Ok, I think I might have the puzzle a bit further figured out…. if anyone knows otherwise, feel free to correct 
In older NLP New Code (mid-90’s to early possibly mid 2000’s):
Term:
“1st Attention” : Used in place of “concious mind”, definition was almost the same.
“2nd Attention” : Used in place of “unconcious mind”, definition was almost the same.
There was a presupposition (if I understood / remember correctly) that the 1st attention would act as a “gatekeeper” for the 2nd attention (unconcious mind). In the current models (2008 and later, definitely), this is misleading.
In the NLPedia, they don’t use “1st / 2nd attention” terminology, but concious / unconcious mind.
They also talk about FA (First Access), then the F1 and F2 filters (language representation, then the deletions/distortions/generalizations).

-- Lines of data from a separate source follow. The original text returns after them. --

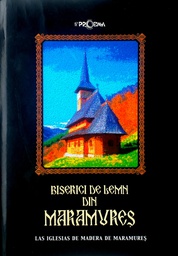 [C-07-1B] BISERICI DE LEMN DIN MARAMURES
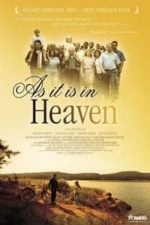 As It Is in Heaven (2004)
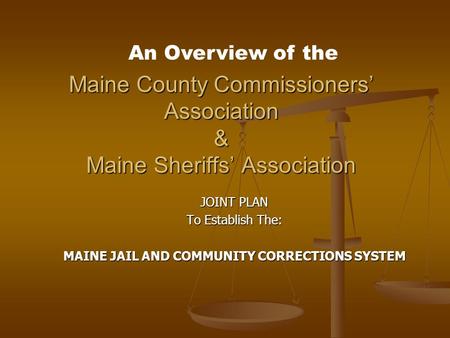 Maine County Commissioners’ Association & Maine Sheriffs’ Association JOINT PLAN To Establish The: MAINE JAIL AND COMMUNITY CORRECTIONS SYSTEM An Overview.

Information actually comes in through senses first, then gets processed by the unconcious, then delievered up to the concious (in context of previous experience). The concious mind actually gets it last - and although it’s role is to analyze it (and “Captain the Ship”, if you use Dr. Mike Mandel’s model that the concious mind acts as a captain and the unconcious acts as the navigator - and rest of the crew).
So “1st attention” terminology doesn’t fit the current model - not very well. It’s actually misleading, since in the current model information hits the senses and unconcious first.
There’s more, but I think that gets the point nicely. Next question is “what was the original intention behind making those terms in the first place” (think I’ll have to re-read “Turtles all the way down” first for answers there - not even sure if the answer has any real use, though, but sometimes things in the past can be useful again in the future if you just care to occasionally re-evaluate or clean them up a bit, you never know).
Jack, you’ve been following this - any insights to the above ? (I’m not speaking with authority on the subject - just observations of things I’ve noticed, and trying to fit them to a pattern that makes sense).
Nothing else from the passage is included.